The procedure adapted throughout the work is to treat first the
social context, particularly the circumstances of performance of
the oratorio in a given area and period, then to treat the
libretto, and finally the music. For each geographic area and
period, the author has selected for special attention a few
oratorios that appear to be particularly important or
representative. He has verified the information offered in the
specialized literature whenever possible by reference to the music
or documents. In a number of areas, particular seventeenth-century
Italy, in which relatively few previous studies have been
undertaken or secondary sources have proven to be inadequate, the
author has examined the primary sources in manuscript and printed
form -- music, librettos, and documents of early oratorio history.

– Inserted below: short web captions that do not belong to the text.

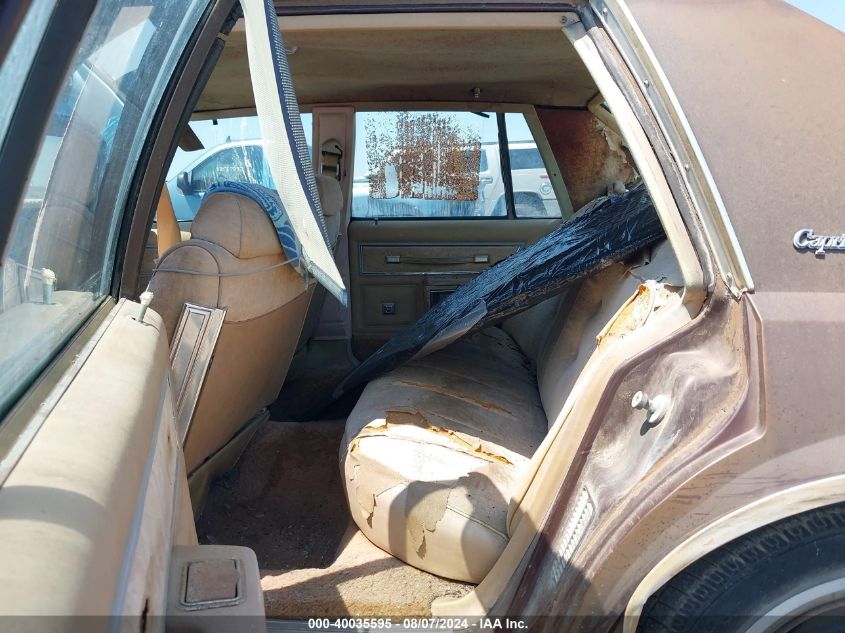 1977 Chevrolet Caprice VIN: 1N69U7S218447 Lot: 40035595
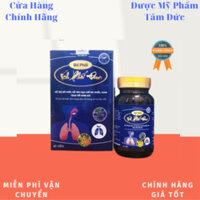 ✔️️️Bổ phổi ích phế đan - Hỗ trợ bổ phổi, viêm họng hạt, ho khan, ho đờm, viêm họng, viêm phế quản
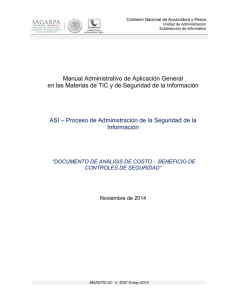 ASI.- Documento de Análisis de Costo - Marlin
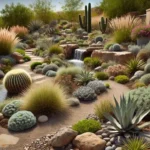 Water-saving xeriscape garden designs 2026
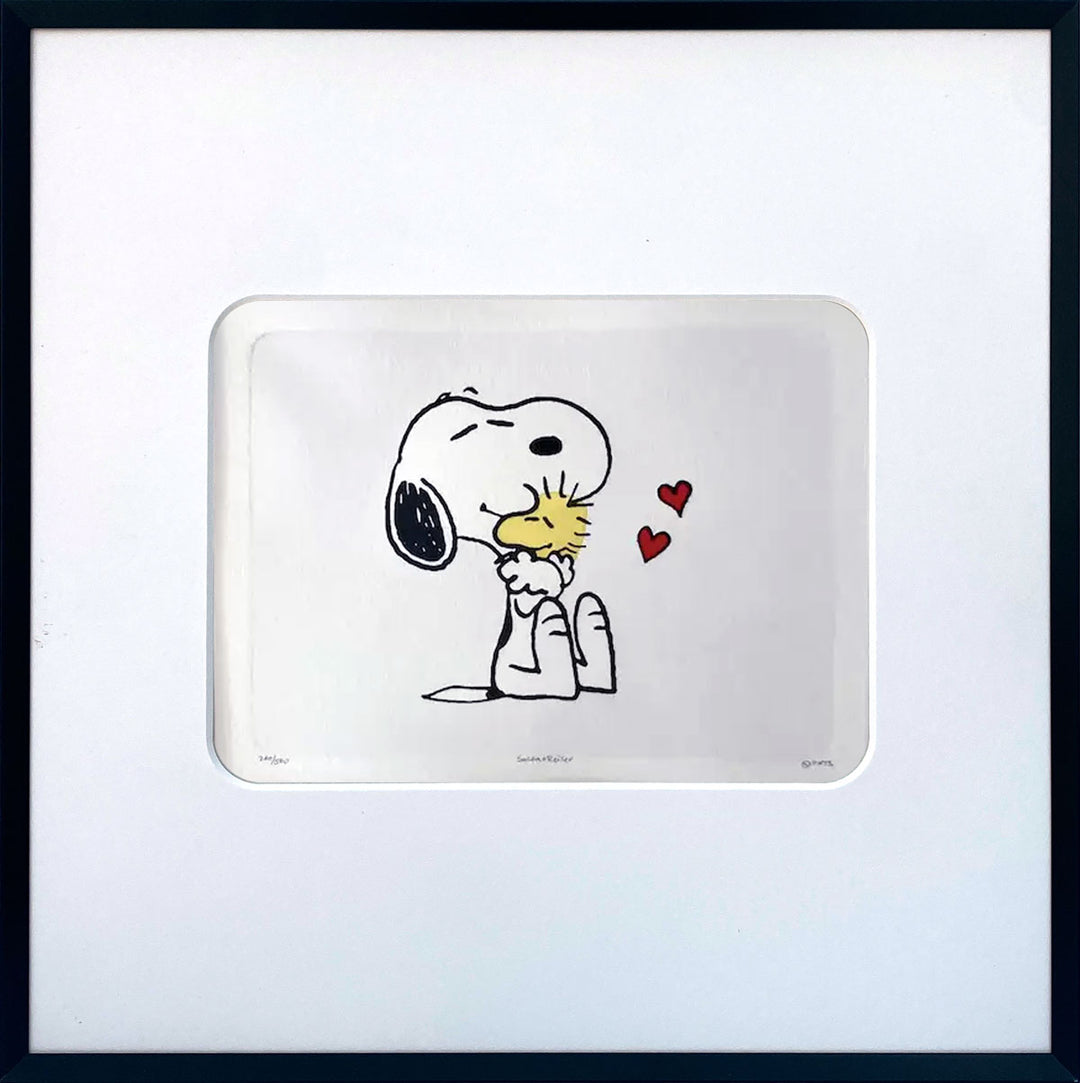 My precious in my arms | The Peanuts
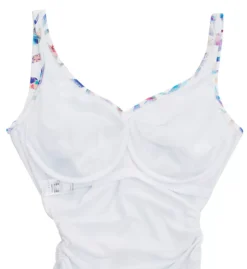 Fantasie Calypso Harbour Navy Tropical Palm Underwire V-Neck Swimsuit -Her Room US fantasie fan001 fs3530 cs6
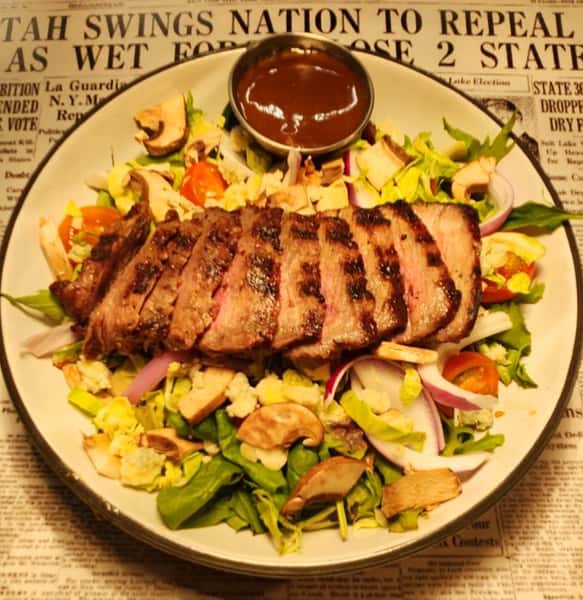 New York Strip (Steak Salad)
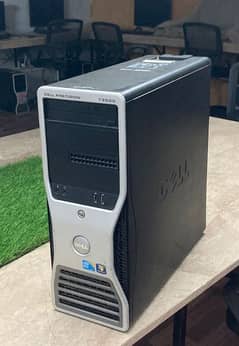 Dell Precision T3500 with Led and all accessories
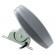 Radiator de perete zass zqh 04, putere 1500 w max., trei trepte de incalzire (500/1000/1500 w), unghi de inclinare reglabil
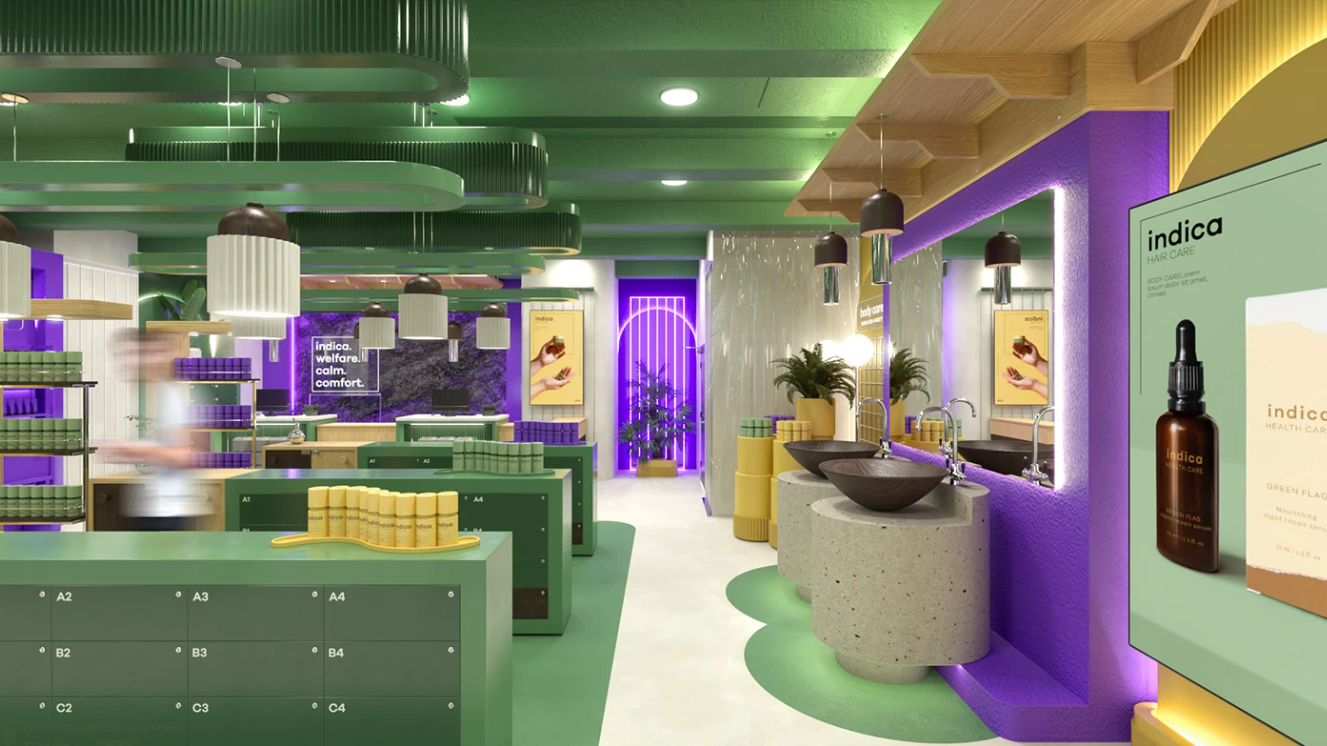 cosmetic shop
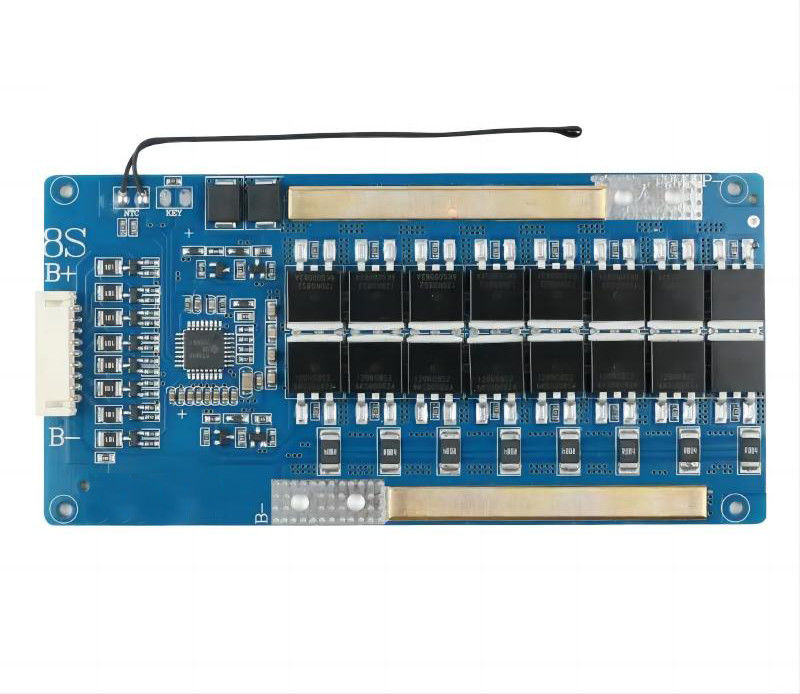 8 시리즈 리?? 철화성 배터리 보호 보드 24V 40A 50A 60A 온라인 PCB 제조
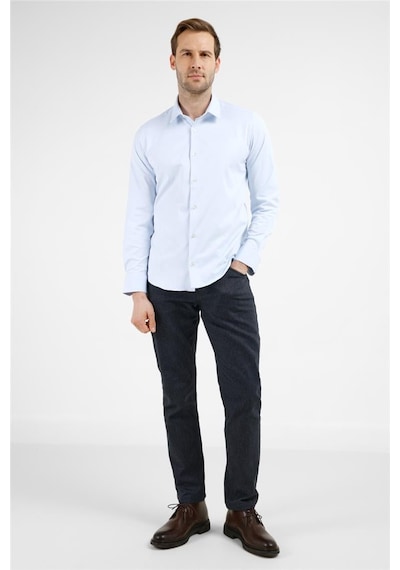 İmza Mavi Sert Yaka Uzun Kol Cepsiz Slim Fit Pamuklu Gömlek 1004255228 Mavi İmza Mavi Sert Yaka Uzun Kol Cepsiz Slim Fit Pamuklu Gömlek 1004255228 Mavi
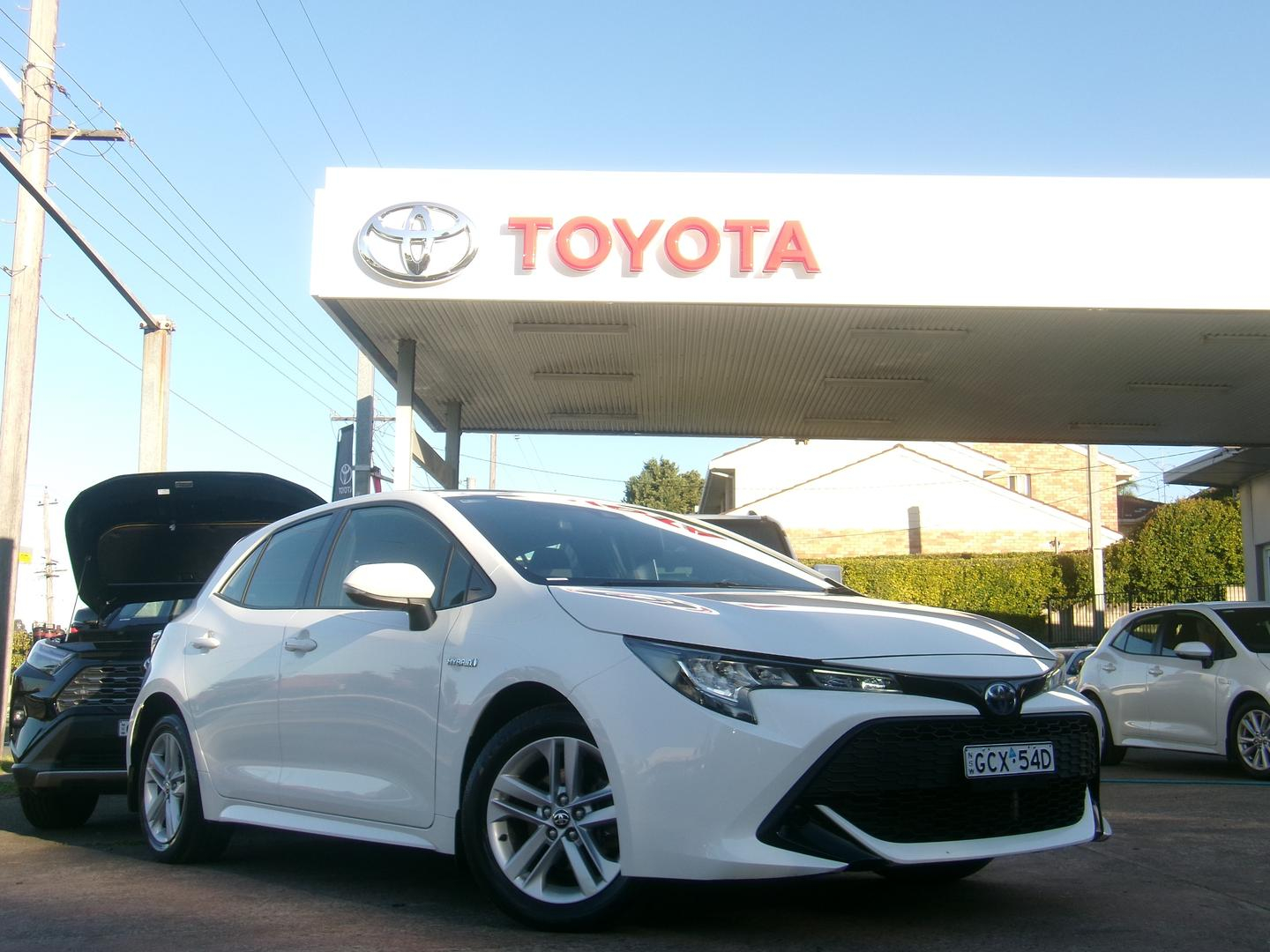 Image of 2020 Toyota Corolla Ascent Sport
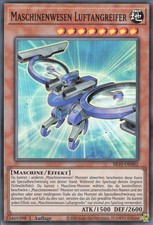 YuGiOh Maschinenwesen Luftangreifer SR10-DE002 Super Rare Excellent 1st
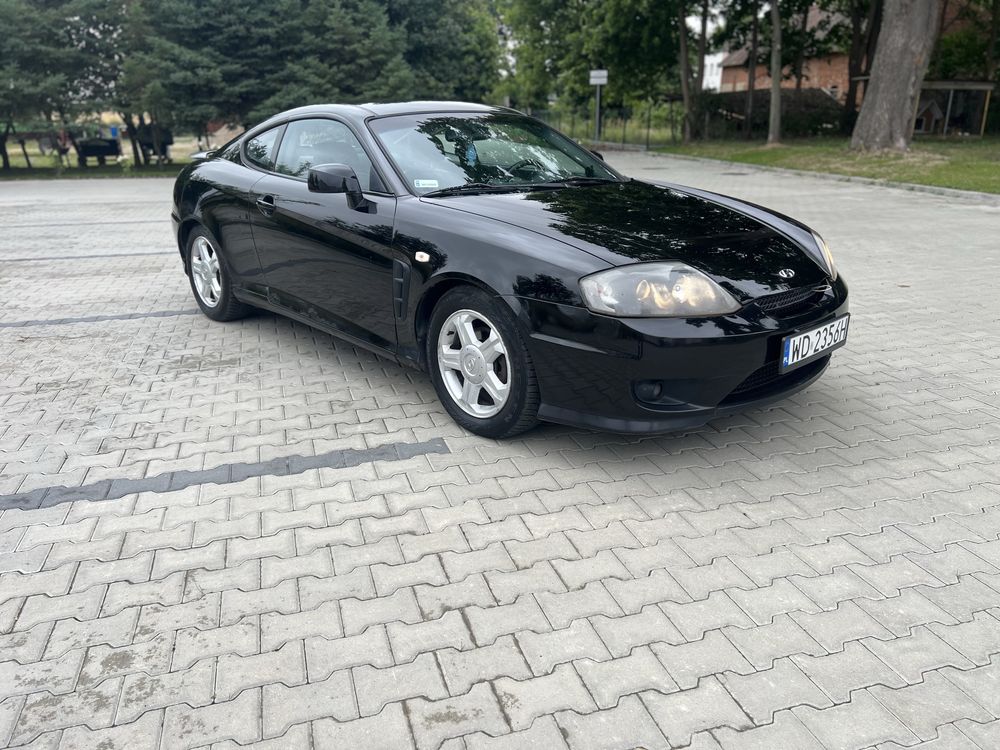 Hyundai coupe tiburon 2.0 143km Gaz polecam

Impressive research and intelligent integration of disparate
elements make this complicated, diffuse subject both readable and
accessible to the student of music.
Volume 2,
The Oratorio in the Baroque Era: Protestant Germany
and England, and Volume 3,
The Oratorio in the Classical
Era, continue and expand the study of oratorio history.
Although this series was originally announced as a three-volume
study, Smither will conclude with a fourth volume.
This new work--the first English-language study of the history of
the oratorio will become the standard work on its subject and an
enduring contribution to music and scholarship.